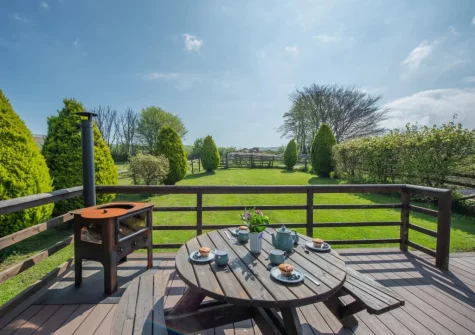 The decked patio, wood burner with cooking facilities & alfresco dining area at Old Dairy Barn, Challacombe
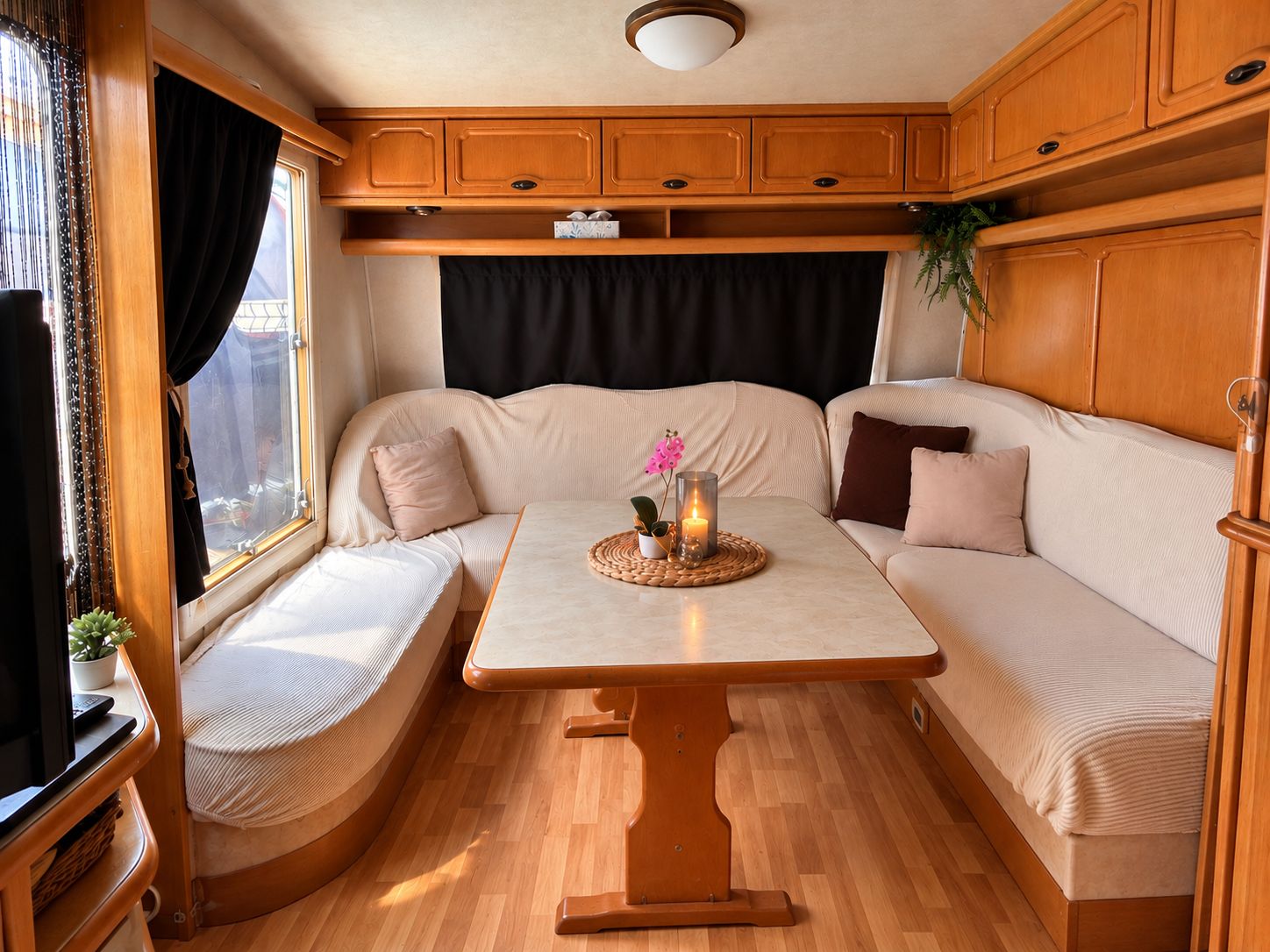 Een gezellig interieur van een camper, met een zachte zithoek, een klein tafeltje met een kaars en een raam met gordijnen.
_ _ _
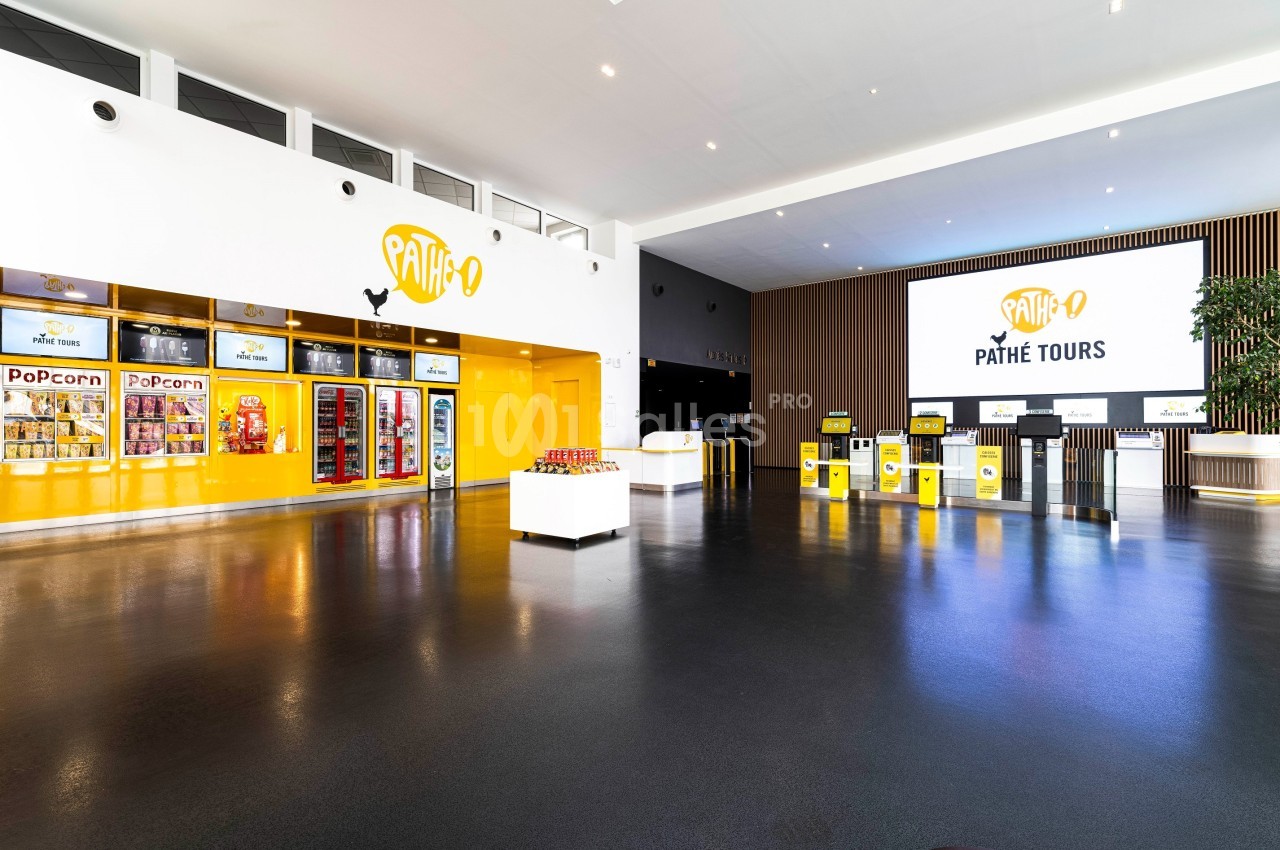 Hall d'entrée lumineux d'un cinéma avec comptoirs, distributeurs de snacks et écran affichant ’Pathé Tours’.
_ _ _
What to do —
Reproduce the records above exactly, but only from the line with "The decked patio, wood" up to and including the line with "Een gezellig interieur". Leave the pictures out.

Expected answer —
 The decked patio, wood burner with cooking facilities & alfresco dining area at Old Dairy Barn, Challacombe
 Een gezellig interieur van een camper, met een zachte zithoek, een klein tafeltje met een kaars en een raam met gordijnen.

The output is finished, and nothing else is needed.